Omens are good for Rocky King at Flemington today
ROCKY King will be out to make it a clean sweep of wins for Rockhampton-owned horses in the three eastern state capitals this week when he races at Flemington in Melbourne today.
A win by Rocky King in today's $150,000 Dilmah Earl Grey Stakes (1000m) would follow last Saturday's locally owned successes of Our Boy Malachi (Sydney) and Flying Riddle (Brisbane).
As it stands Rocky King is the Beef Capital's biggest earner of equine prize money, currently racing with a nest egg of $368,500 in stakes alongside his name.
After hesitating at the start and being "lost" at his Melbourne debut when an out-of-character last at Moonee Valley over 1000m on October 25, Rocky King suffered muscle soreness as a result.
"He seems to be well and truly over that now," trainer Tom Bourke said.
"Actually, I was really pleased with his trackwork last Saturday on the inside grass track at Flemington when he galloped very nicely over the final 200m of his hit-out.
"It was very pleasing and he pulled up with everything being all right."
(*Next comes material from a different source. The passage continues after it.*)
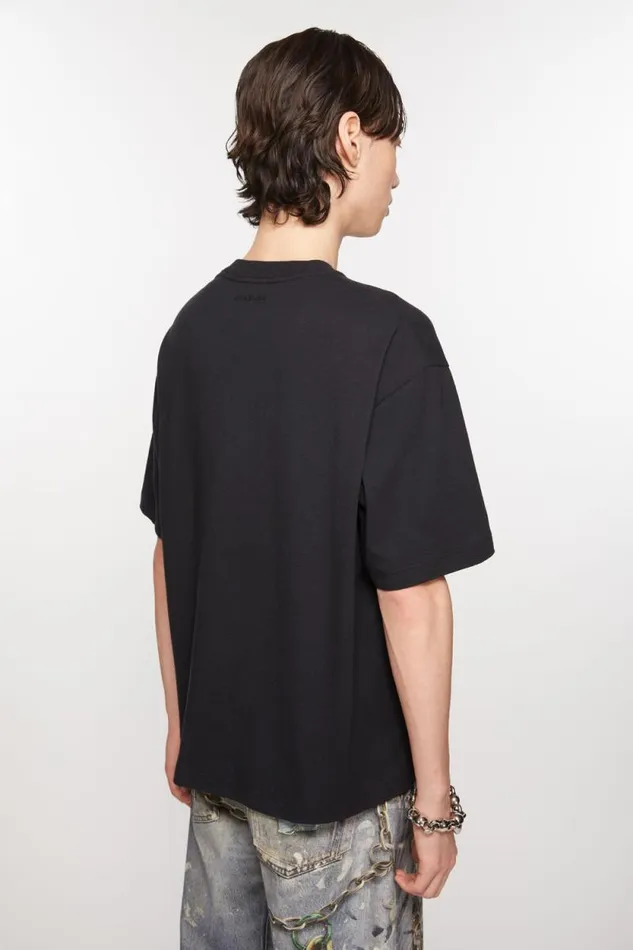 Acne Studios Printed Tshirt Black Man Tshirts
The trainer believes Rocky King has "drawn the right spot" at gate 15 over the straight 1000m of today's Early Grey stakes.
Tegan Harrison has again retained the ride.
Without any prodding Bourke offered: "I reckon he (Rocky King) is a good each-way chance and this will be his last throw of the dice in Melbourne before we head back home."
What a thrill it will be for Rocky King's co-owners Brian and Jodie Williams, Clive Nitz, Peter Barrett and Mary Greenalsh, who are in Melbourne for the Cup Carnival, to witness their pride and joy racing at Flemington at today's glamour Oaks Race Day.
Never in their wildest dreams when the owners, including Bourke and the late David Rowe, paid $11,000 for the Easy Rocking- Jazz Heaven colt at the 2011 March MM Yearling Sales would they have imagined him mixing it with the best at the Spring Carnival.
First prize money for today's Dilmah Earl Grey Stakes is $90,000 scaling down to $3000 for finishing eighth in the 16-horse field.
One thing is a racing certainty, Rocky King's owners will be celebrating with a much stronger drink than Earl Grey tea should he win or fill a placing.
The omens are good.
Fifty years ago in 1964, Rockhampton racing's greatest metropolitan locally owned sprinter, the similarly named Rocky Boy, won sprints on all of the Melbourne racecourses.